Thanks to a gift that arrived earlier in the day, there was an accidental discovery of a good idea. A box from Omaha Steaks required the total reorganization of the freezer and eviction of four ice packs which sat on the counter for lack of a better pace. They became an excellent cooling device for the trays of sweets that needed to chill and set. 

Caramel and crackers in the oven.
Later, when the saltine bark base came out of the oven and was topped with chocolate and almonds, there was another idea. After a decade of making the stuff, it finally dawned on me to use the pizza cutter to cut the stuff. It’s smaller than the knives and worked better in the cookie sheet. Between the ice bed and the pizza cutter, I was feeling like a genius.

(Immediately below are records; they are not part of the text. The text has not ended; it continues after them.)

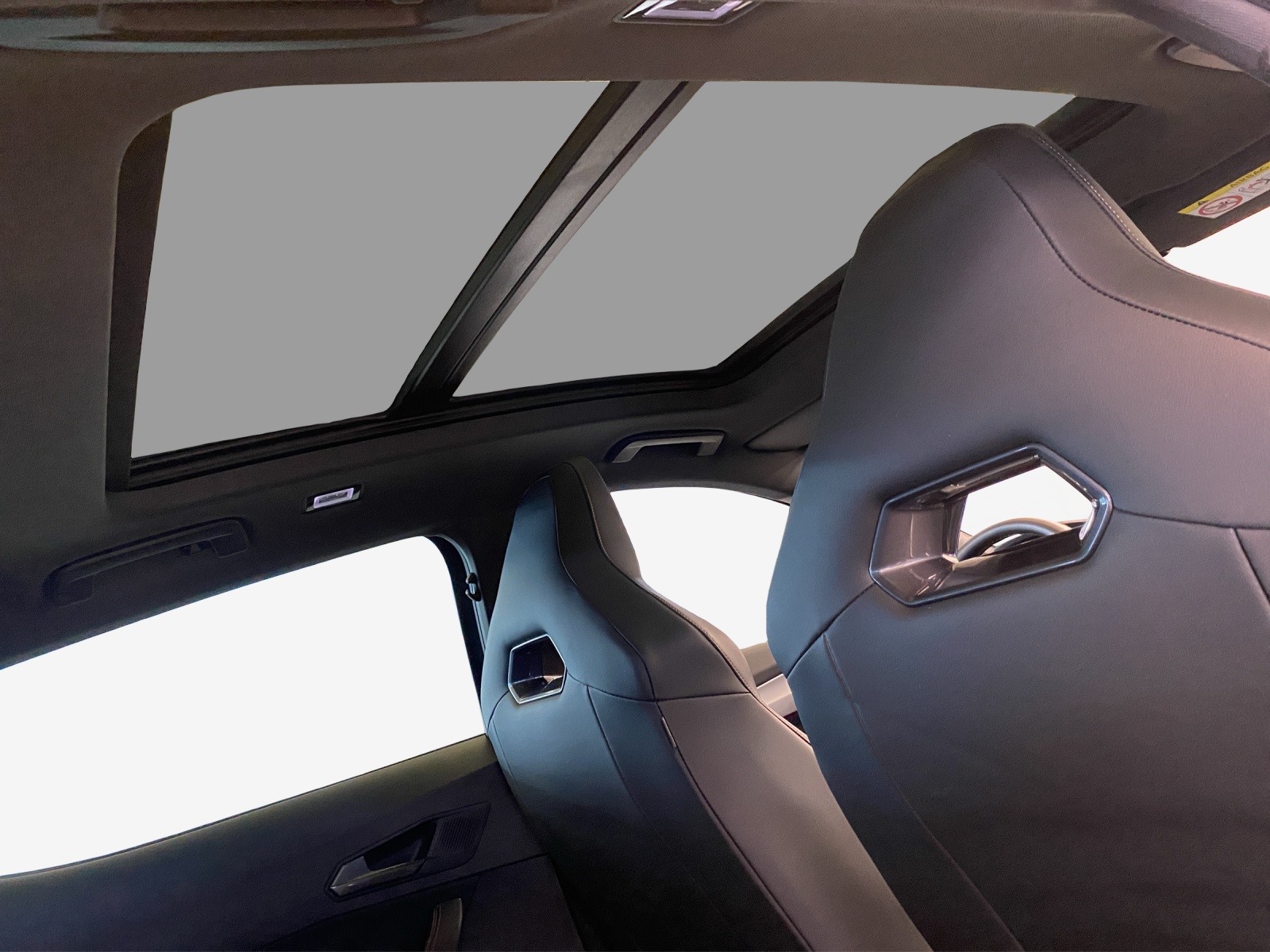 CUPRA Formentor 1.4 e-HYBRID pHEV VZ DSG-image-14
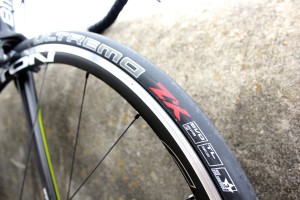 Road Cycling Tires: Everything You Need to Know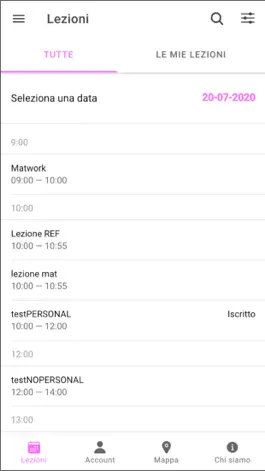 Game screenshot Health Pilates mod apk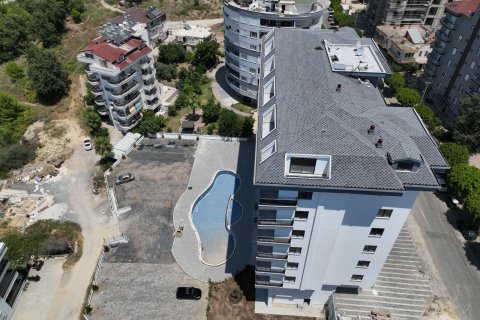 Daire 1+1 Avsallar, Antalya, Türkiye №91349 - 9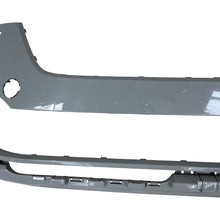 Load image into Gallery viewer, Skoda Kamiq front bumper 2019-2022 Compact SUV 5 Door Genuine 658807221
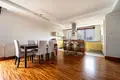 5 room apartment 160 m² in Warsaw, Poland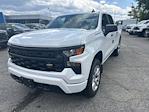 2025 Chevrolet Silverado 1500 Crew Cab 4WD Pickup for sale #253077 - photo 12
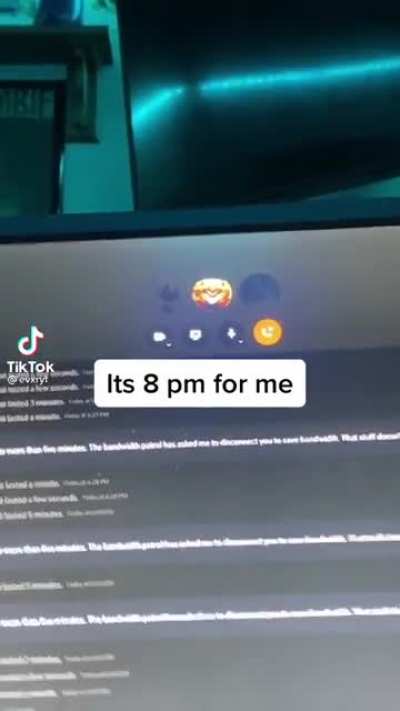 Take the hint bro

The genius feeling faded quickly. While cleaning the pans, I noticed my favorite cookie sheet bore the imprint of the cut lines from the pizza cutter. Then, I found the dried apricots I had just bought with the intention of dipping them in chocolate. Everything was already put away, but it wouldn’t take long to re-engage and crank them out. The kicker was that all the stuff for the office was already packaged in containers and locked in the car to solve the joint problems of it not fitting in the refrigerator and fear of forgetting them at home in the morning. 

The whole time I was busting butt in the kitchen, Kiki was meowing at me from the dining room. Approximately every 20 minutes, she would make a cameo appearance in the kitchen to meow at me face to face and louder. Perhaps she was troubled I was not in my usual spot in the living room and felt the need to point it out. Once I was seated on the couch, she was signaling she wanted head pats. She's adorable.